DJing a float during Mardi Gras can be a huge undertaking. You are taking equipment that is mean to stay in one spot, and putting it on a moving platform. You are hoping the guy that supplied the generator actually put gas in it, and that the people on board don't get too drunk and knock your gear over.

I speak from experience. Personally, I have DJed more floats than I even care to think about. As a float DJ, your job is to hype the crowd around the float up, hype the people on the float up, and keep the music pumping for hours as you roll down the road. Music selection is absolutely key for this. Most of the time, all of the time in SWLA, all of your music must be clean and edited. This rule applies no matter what parade you are at. In fact, my personal rule is to always play edited unless the party is 21 and up.

Introducing, Rickey. Rickey DJed the Carencro Mardi Gras Parade. The parade was the past weekend, and according to the media, it was a good one. According to the story, Rickey's float he was working on was pulled over at the end of the parade. The officers that pulled him over accused him of playing music with "profanity". The song in question was Jay Da Wizard's version of Neck. Now, obviously the song has THAT word in it, but Rickey assured the officers that he was diligent in playing the clean version of the song. The clean version replaces the phrase we all know, with a tiger roar.

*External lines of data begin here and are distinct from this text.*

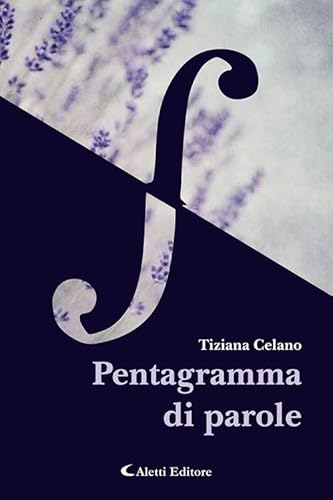 Pentagramma di parole (I diamanti) von Aletti editore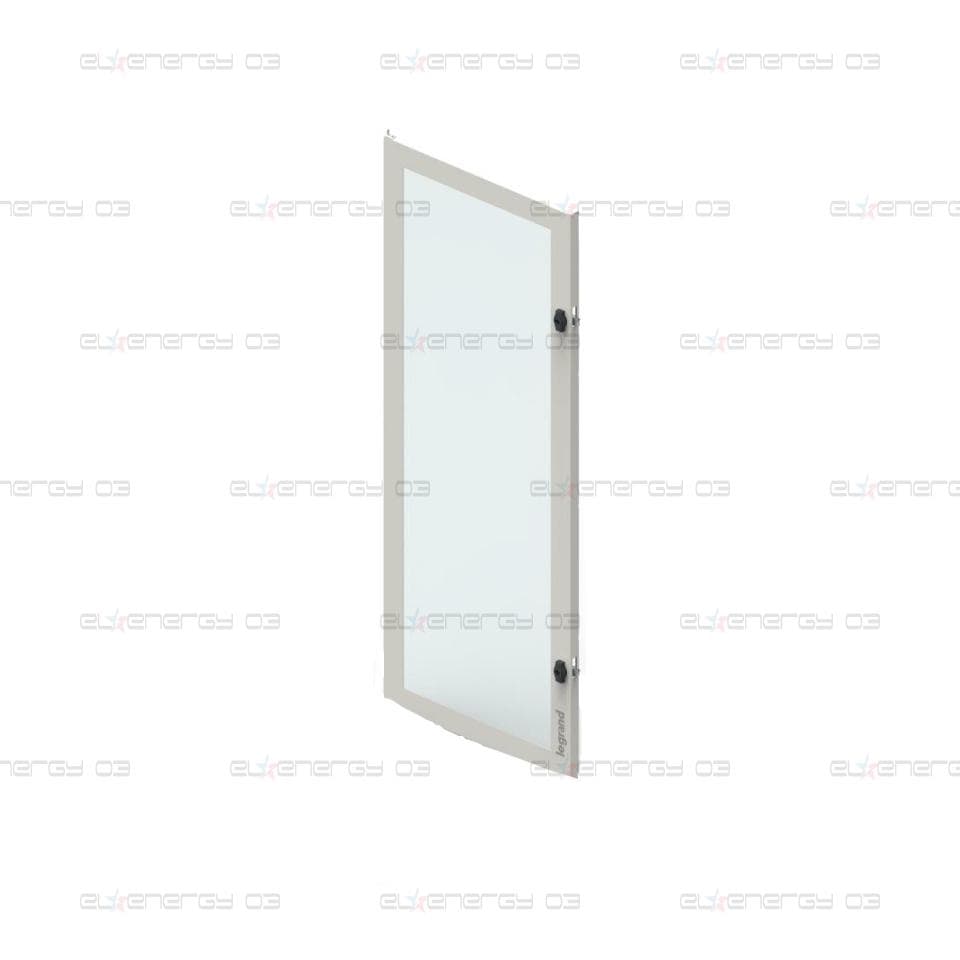 Прозрачна врата за табло XL3 S 160 8×24 мод. Legrand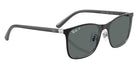 Ray-Ban® RJ9551S RJ9551S 295/81 48 Sunglasses - Gray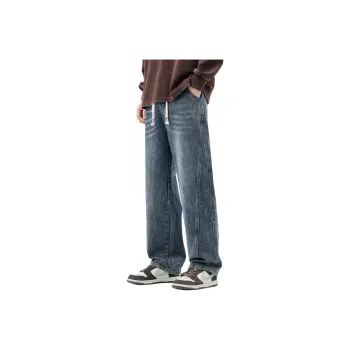 JUCY JUDY Jeans Unisex Blue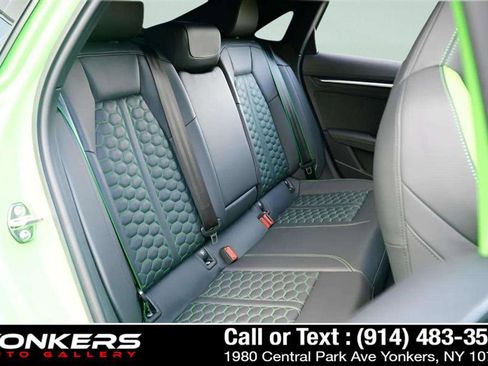 Used 2023 Audi RS 3 image 29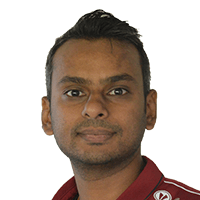 Kaustubh Deshpande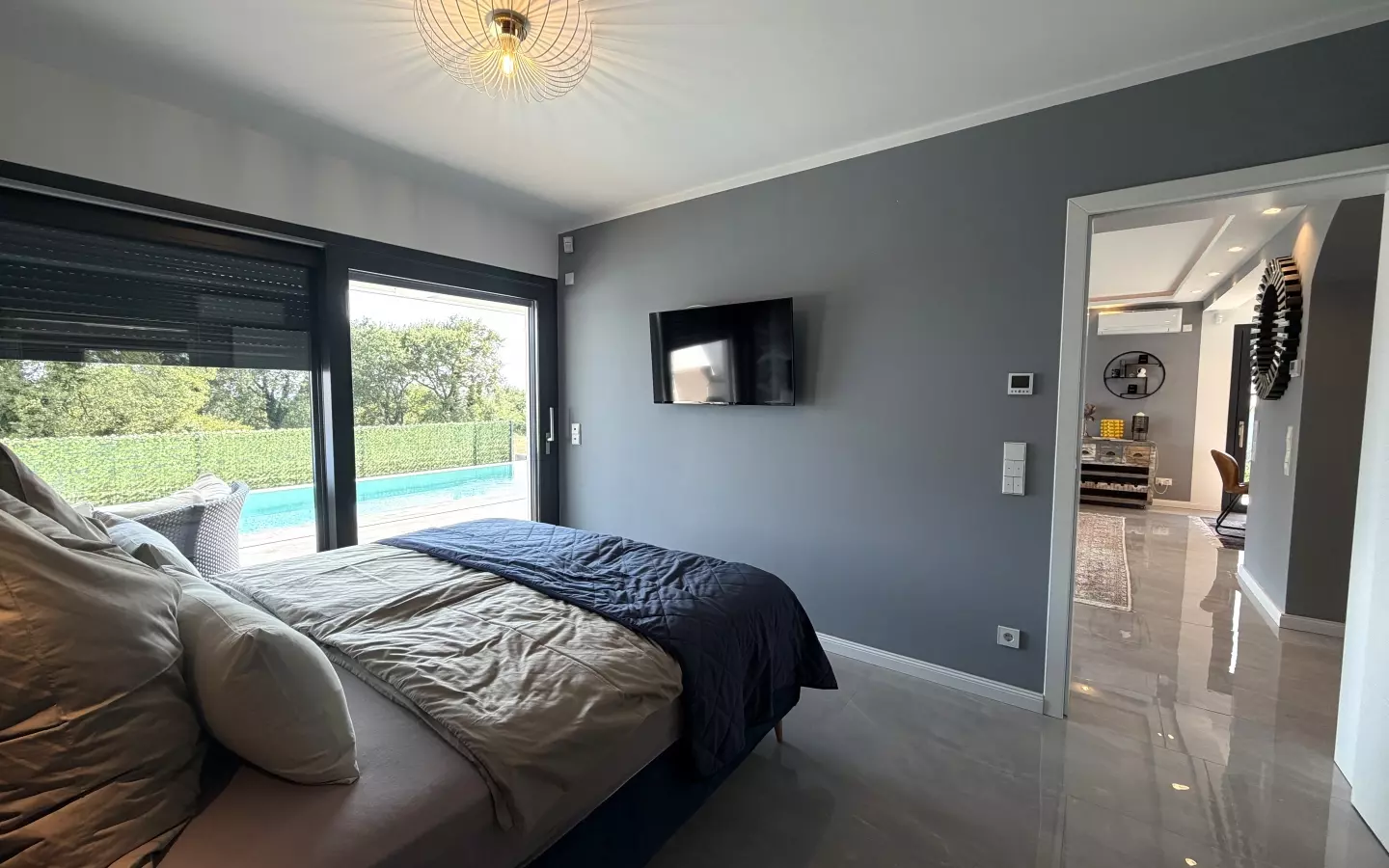 4-bedroom Villa In Kosinožići, Croatia (245 M²)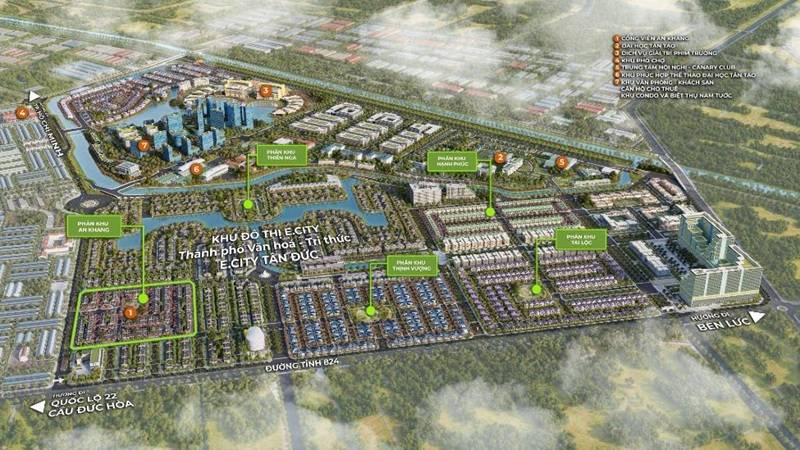Bất động sản tại Tây Ninh - ảnh 1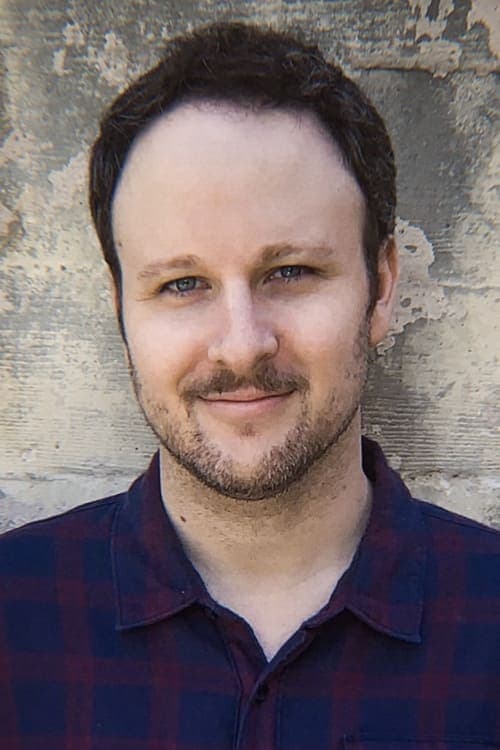 A portrait of Josh Margolin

Now, as a DJ, you technically can't control what the crowd says. If they were singing along, that's not Rickey's problem. I tend to want to believe his innocence, but not his thinking. As a DJ, you KNOW when you play this track what the outcome will be. You are encouraging that phrase, even though you aren't playing it. Should he have played it? According to the rules of the parade, it was allowed. For a day parade, in my opinion, I would have left that one out of the play list. Rickey heads to court in March to plead his case.